Voilà mon coup de cœur du mois de janvier. « M'entends-tu ? » est en quelque sorte l’exact opposé de « Emily in Paris ». Ce n’est pas tant parce que Montréal y remplace la Ville lumière, car la métropole du Québec, sans être aussi belle que celle de la France, a ses charmes. Mais ses attraits, ils sont cachés dans cette série qui se passe dans un quartier défavorisé. Au contraire, ce qu’on nous montre, ce sont des rues pleines de nids-de-poule, des trottoirs encombrés de poubelles ou de sacs percés, des maisons défraîchies. On n’y voit pas non plus de restaurants chics où l’on salive juste à voir les plats. Ici, on ne bouffe que de la malbouffe, dans des casse-croûte de deuxième ordre. Et les trois jeunes femmes dont on raconte l’amitié, Ada, Fabiola et Caro, ne sont pas canons. Elles ne changent pas non plus de tenue quatre ou cinq fois par épisode. Elles portent presque toujours les mêmes fringues, parce qu’elles n’en ont pas d’autres.

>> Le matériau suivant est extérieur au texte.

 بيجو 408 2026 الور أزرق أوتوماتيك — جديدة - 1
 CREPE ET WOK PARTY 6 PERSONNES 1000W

Cette série n’est pas pour autant misérabiliste. Sans doute parce que sa conceptrice, Florence Longpré, qui tient aussi le premier rôle, a abordé la narration sous l’angle de l’humour. On rit beaucoup donc, mais c’est souvent pour ne pas pleurer, en particulier dans la deuxième saison où l’on aborde de front la violence conjugale. Et puis, dans toutes ces histoires souvent dures, on trouve de la résilience, de l’amitié et de l’espoir.
Il y a dans cette série, qui s’étend sur trois ans, quelques grands moments de télé. Je pense, entre autres, à cette scène où Ada, excédée, sort dans la cour pour abreuver d’injures ses voisines du dessus, dont le chien jappe trop à son goût. S’ensuit une engueulade de haute voltige qui est une pièce d’anthologie. Je pourrais également citer la scène de l'amoureux dans l'échelle qui se fait souffler ses répliques par un ami, comme dans « Cyrano de Bergerac » ou le séjour dans un chalet ou l’après-midi dans un spa.